### DATA ###

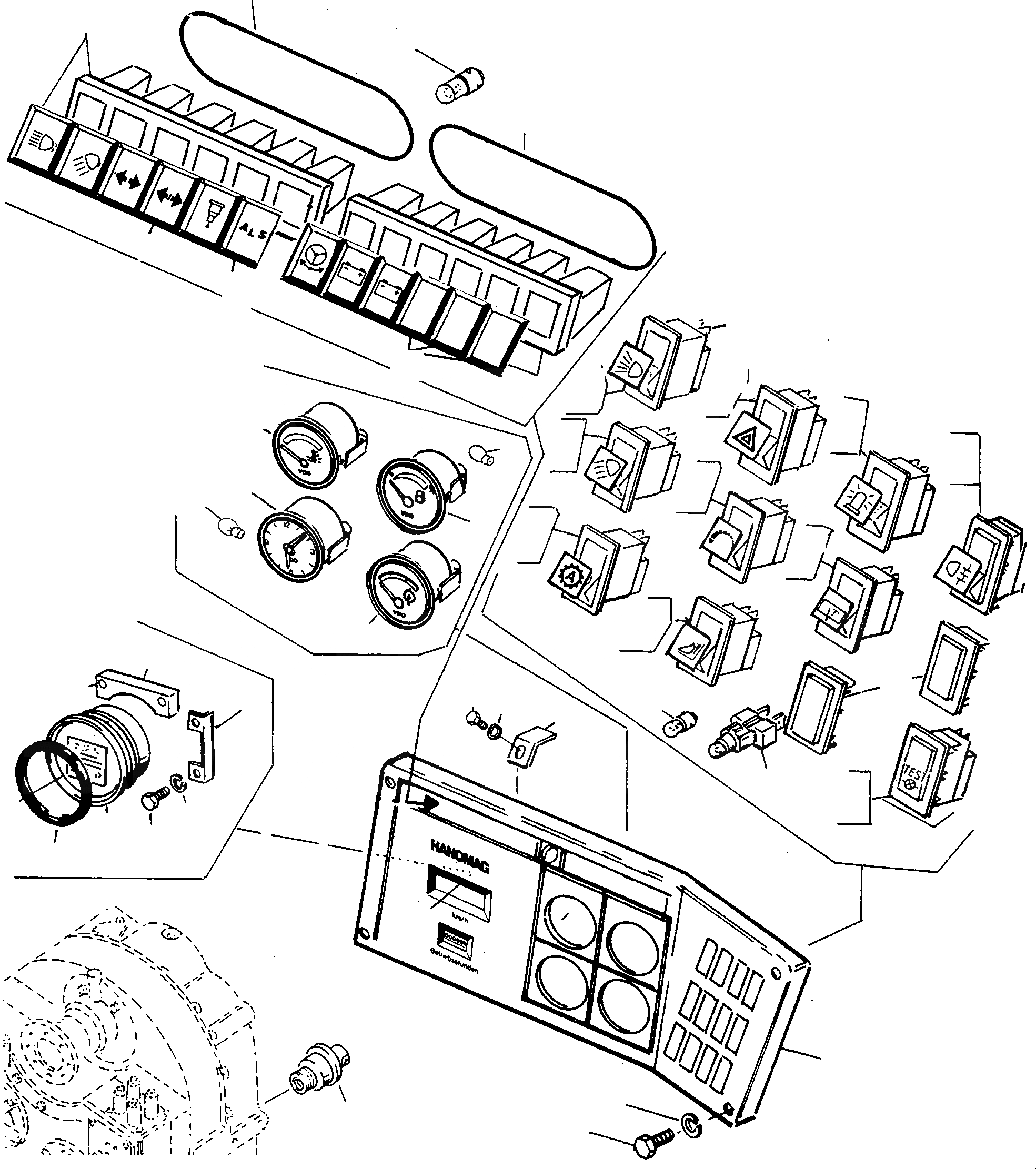 Схема запчастей Komatsu 60E - ПАНЕЛЬ ПРИБОРОВ И INSTRUMENTS ДВИГАТЕЛЬ, АКСЕССУАРЫ И ЭЛЕКТРИЧ. СИСТЕМА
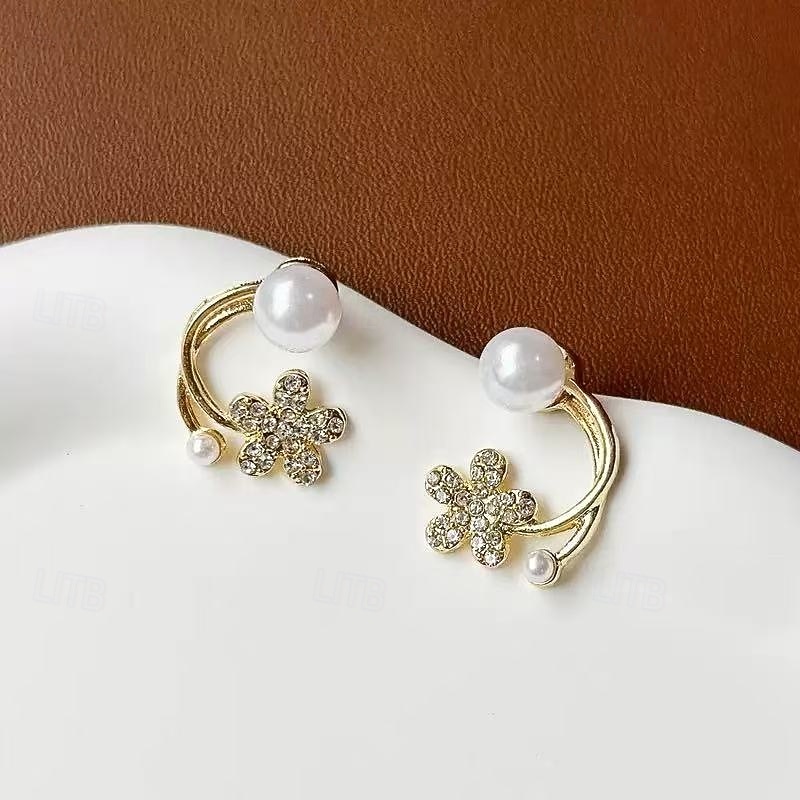 Per donna Orecchini a perno Tropicale Gioia Trifoglio Tropicale Elegante Orecchini Gioielli Oro Per Feste del 2026 a $11.49 –P2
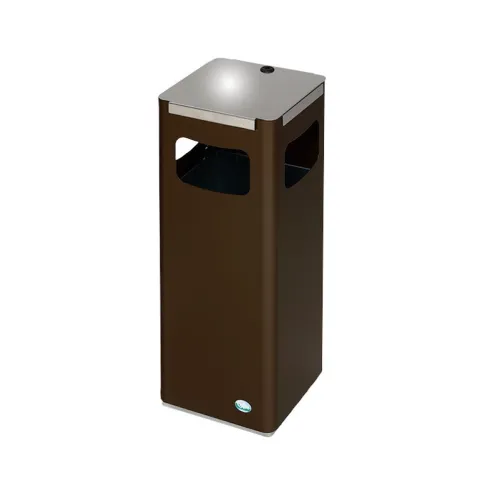 PROREGAL Robuster Modularer Wertstoffsammler Mit Edelstahldeckel 22 Liter HxBxT 68 x 25 x 25 cm Verzinkter Stahl Braun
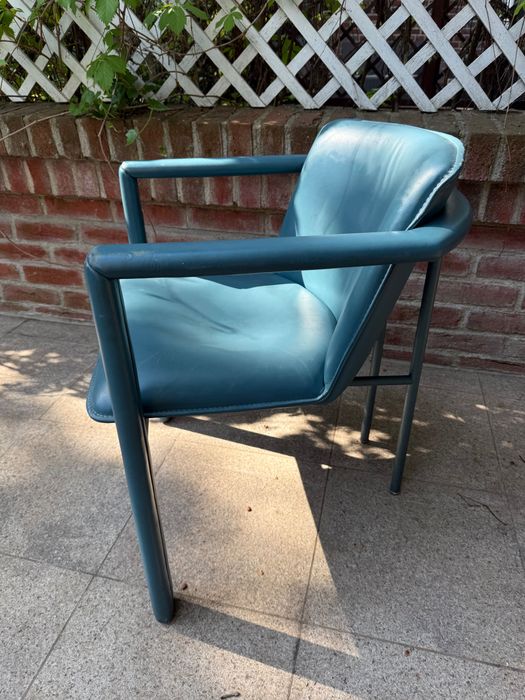Krzesło skórzane Leolux Vintage Bauhaus Space Age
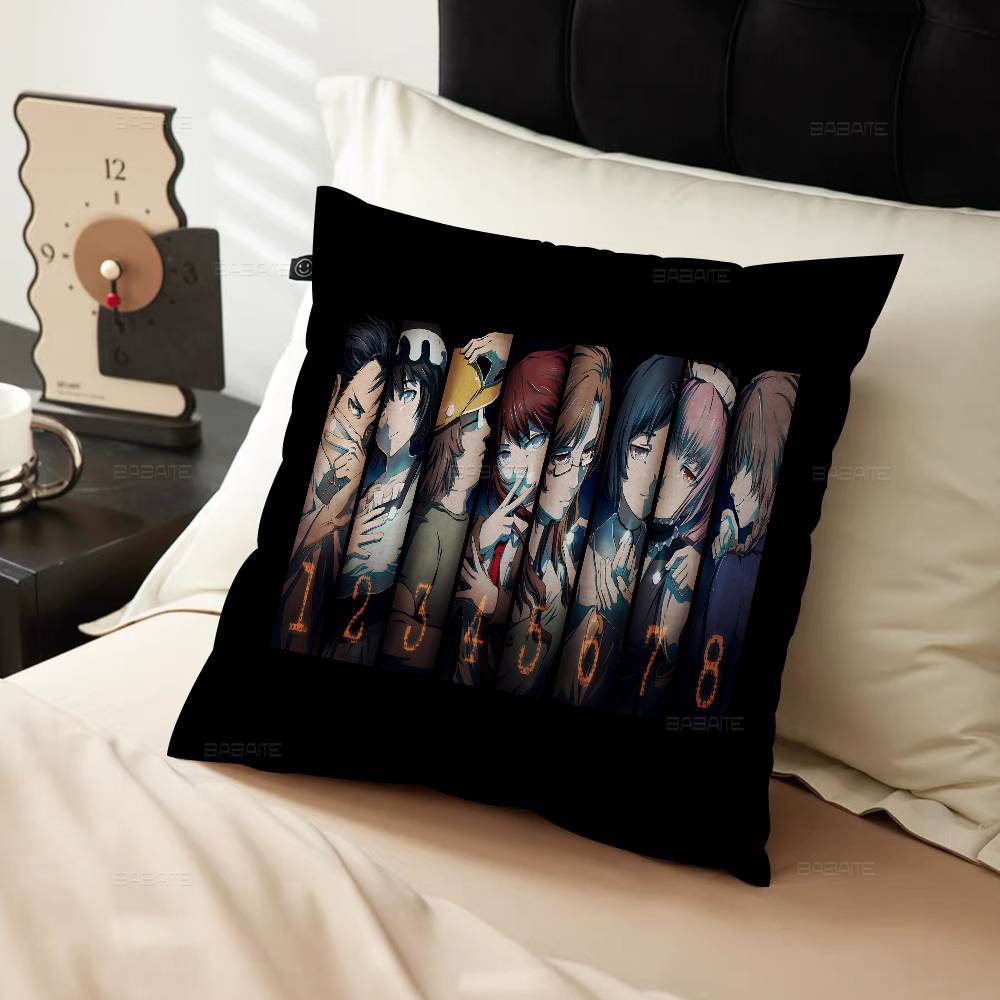 Anime Steins Gate Cushion Cover Car Throw Pillow Case For Sofa Car Christmas Gift 40X40Cm 45X45Cm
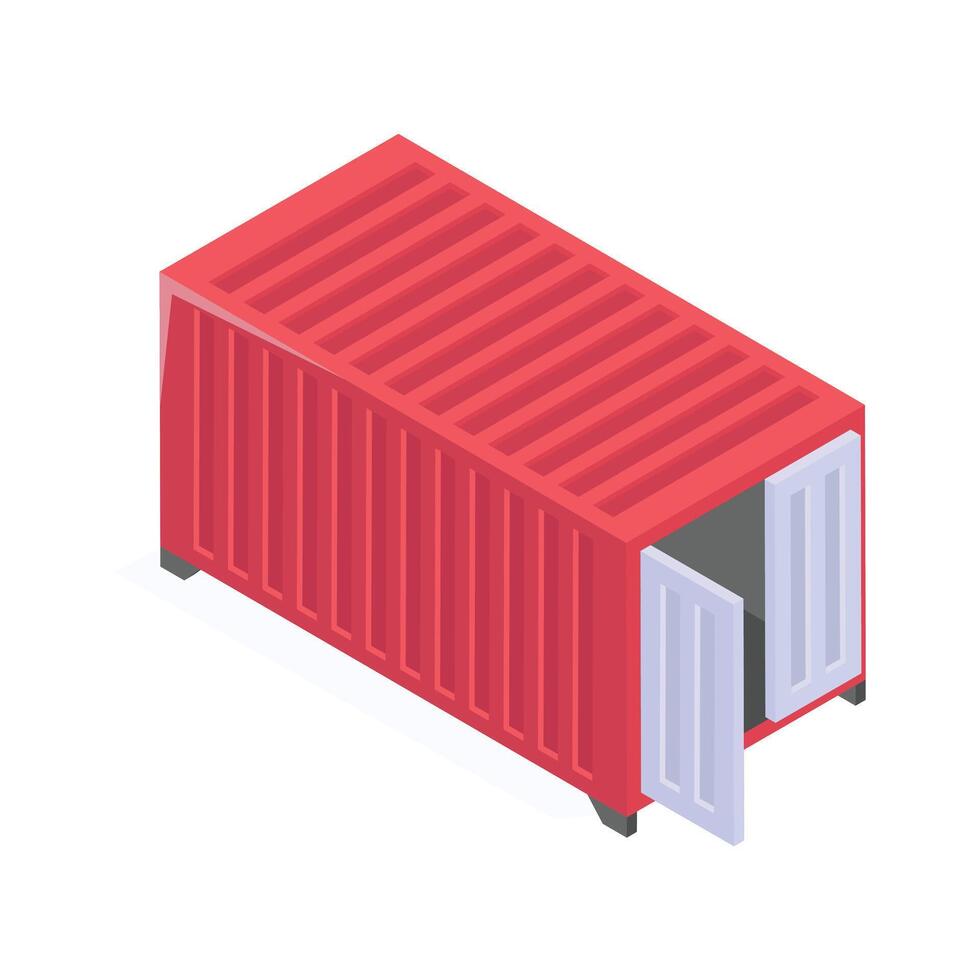 Isometric red cargo container for international freight and logistics transport vector
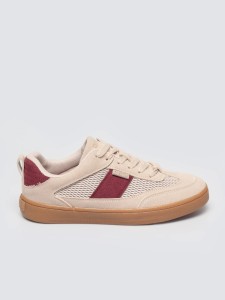 sneakersy damskie z czerwonymi wstawkami jasnoróżowe tt274760 600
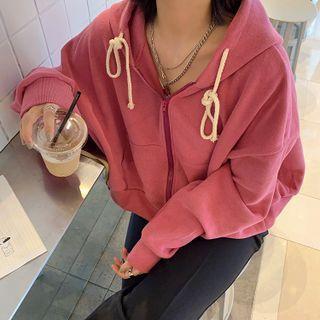 Long-sleeve Plain Drawstring Hooded Zip Jacket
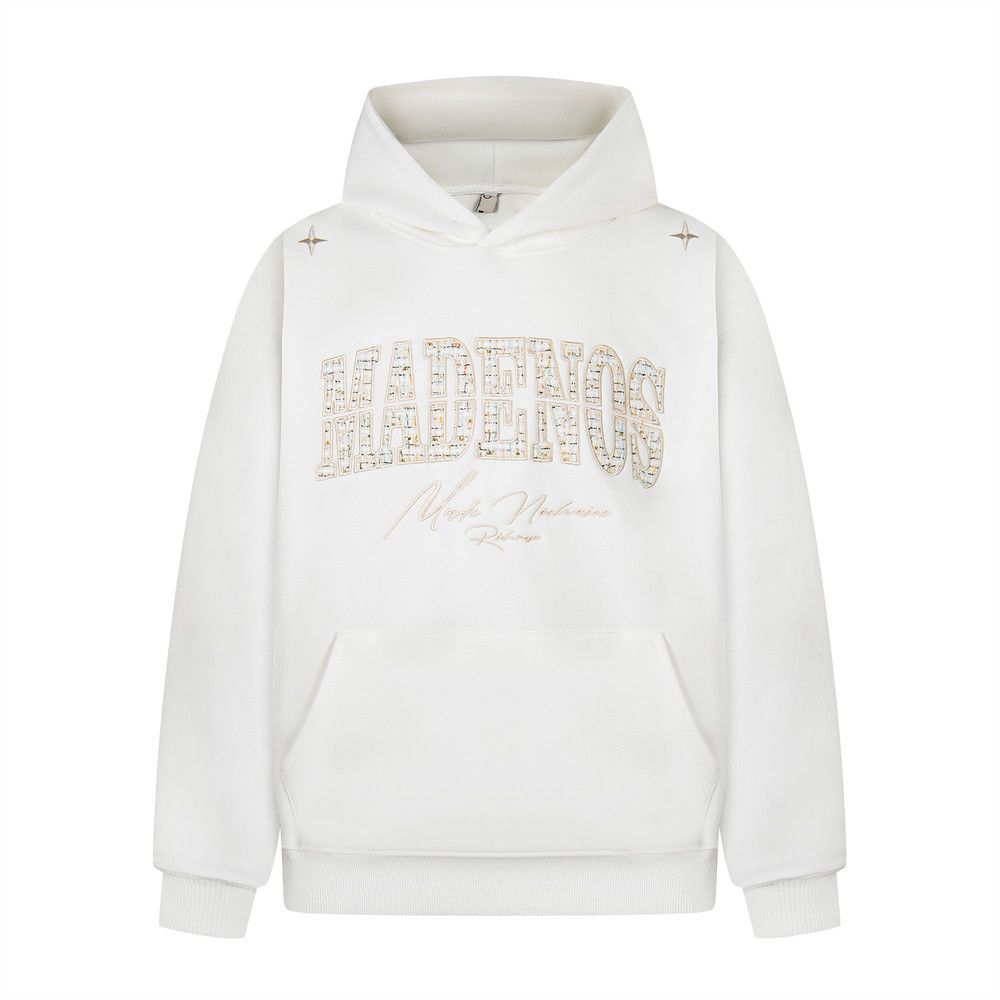 American Style Trendy Brand Letter Patch Embroidered Hoodie High Street Design Sense Niche Autumn Winter Men's Vibe_viptrois.com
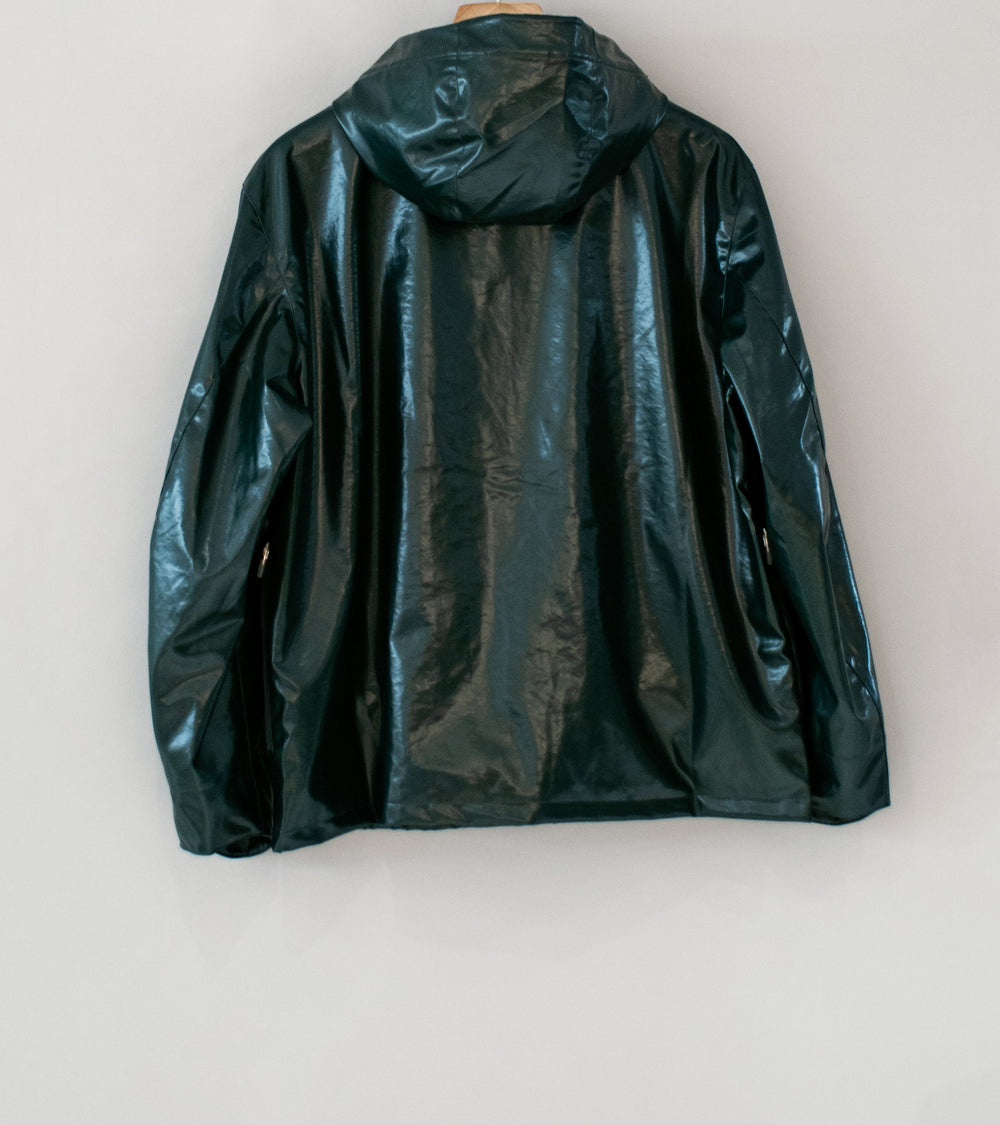 Sturla 'Tab Hooded Jacket' (Bottle Green Laminated Nylon Canvas)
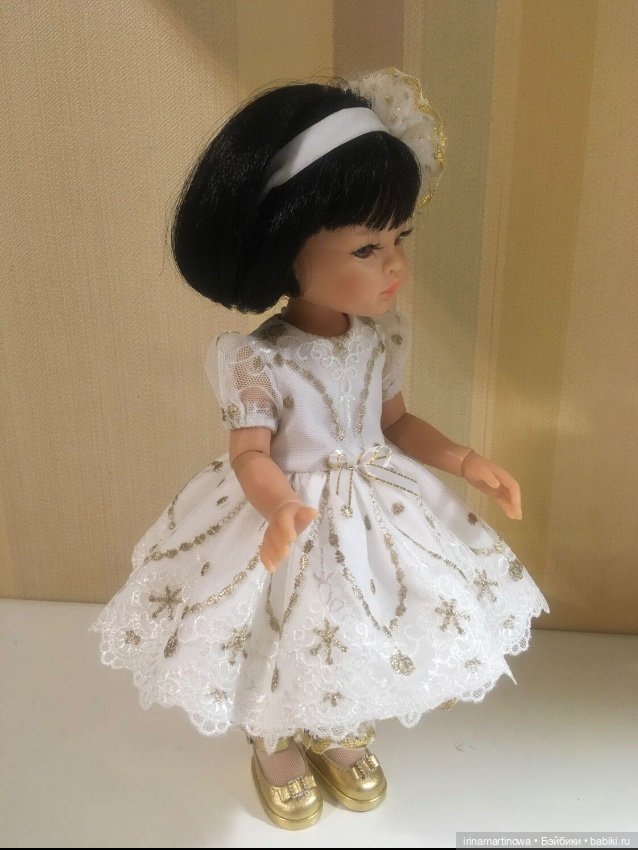 Paola Reina белое кружевное платье с золотым люрексом (фото 4)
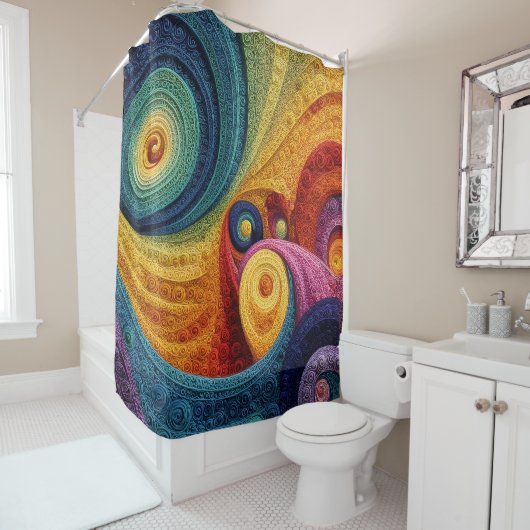 Abstract Spiral Pattern Colorful 3D Swirl Texture シャワーカーテン (インサイチュ)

###

• _WHAT YOU NEED TO DO_:
Reproduce the listing above only between the lines holding "Isometric red cargo" and "Long-sleeve Plain Drawstring", inclusive. Every line must match exactly, and pictures are dropped.

• _WRITTEN SOLUTION_:
 Isometric red cargo container for international freight and logistics transport vector
 sneakersy damskie z czerwonymi wstawkami jasnoróżowe tt274760 600
 Long-sleeve Plain Drawstring Hooded Zip Jacket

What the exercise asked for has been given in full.